**Task brief:**
The data below contains pictures, which are to be skipped; the lines starting at the line with "Ξενοδοχείο Logis L'amandier Morlaas" and ending at the line with "Snapshot of seductivedeluxe69" are to be output exactly, both ends included.

**Entries shown:**
----

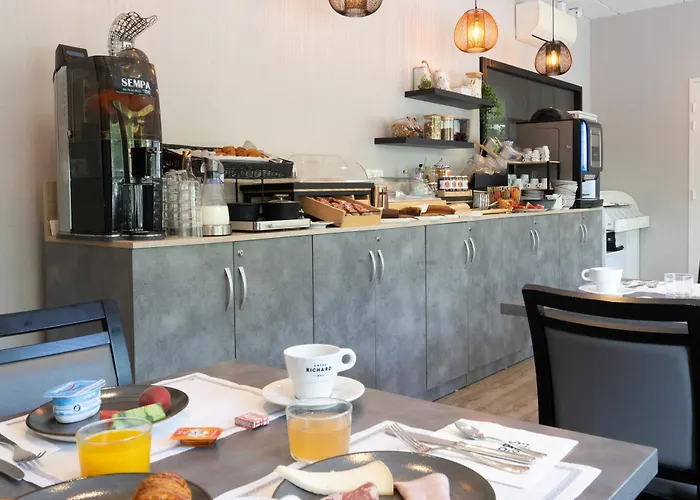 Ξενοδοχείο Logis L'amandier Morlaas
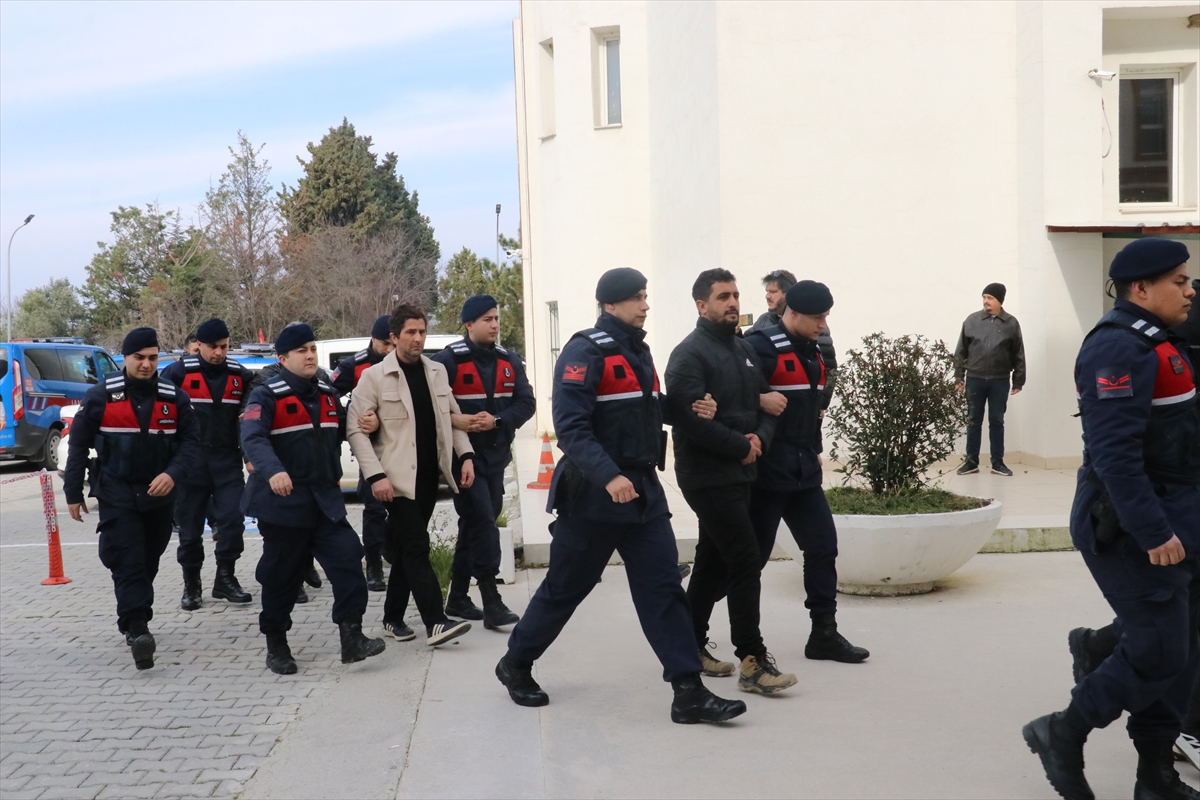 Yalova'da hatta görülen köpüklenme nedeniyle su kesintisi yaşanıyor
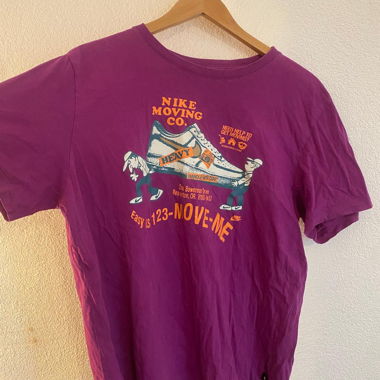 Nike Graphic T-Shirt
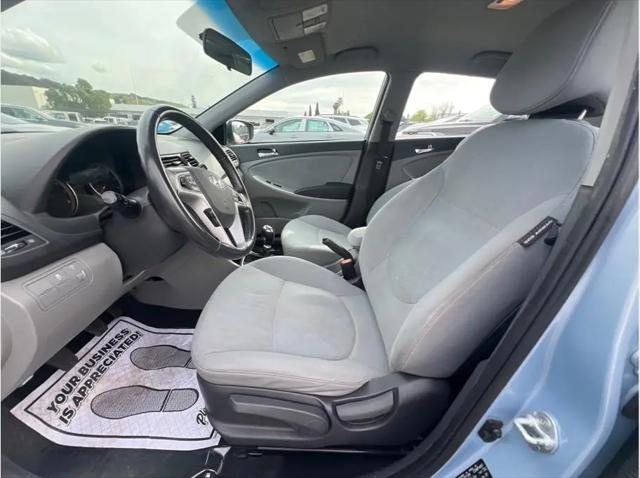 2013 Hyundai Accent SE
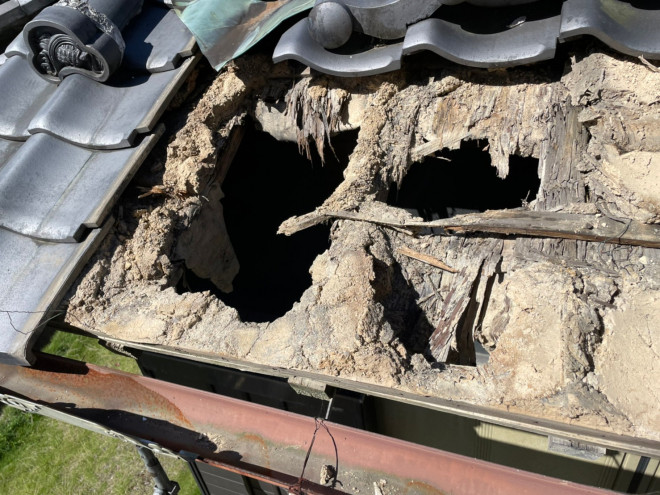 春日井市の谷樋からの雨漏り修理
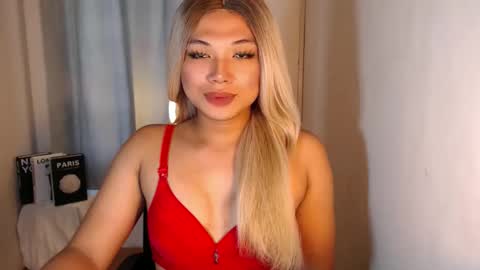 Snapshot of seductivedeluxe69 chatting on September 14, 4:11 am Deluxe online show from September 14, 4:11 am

----

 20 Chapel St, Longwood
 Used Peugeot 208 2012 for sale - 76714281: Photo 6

----

**Exercise response:**
 Ξενοδοχείο Logis L'amandier Morlaas
 Yalova'da hatta görülen köpüklenme nedeniyle su kesintisi yaşanıyor
 Nike Graphic T-Shirt
 2013 Hyundai Accent SE
 春日井市の谷樋からの雨漏り修理
 Snapshot of seductivedeluxe69 chatting on September 14, 4:11 am Deluxe online show from September 14, 4:11 am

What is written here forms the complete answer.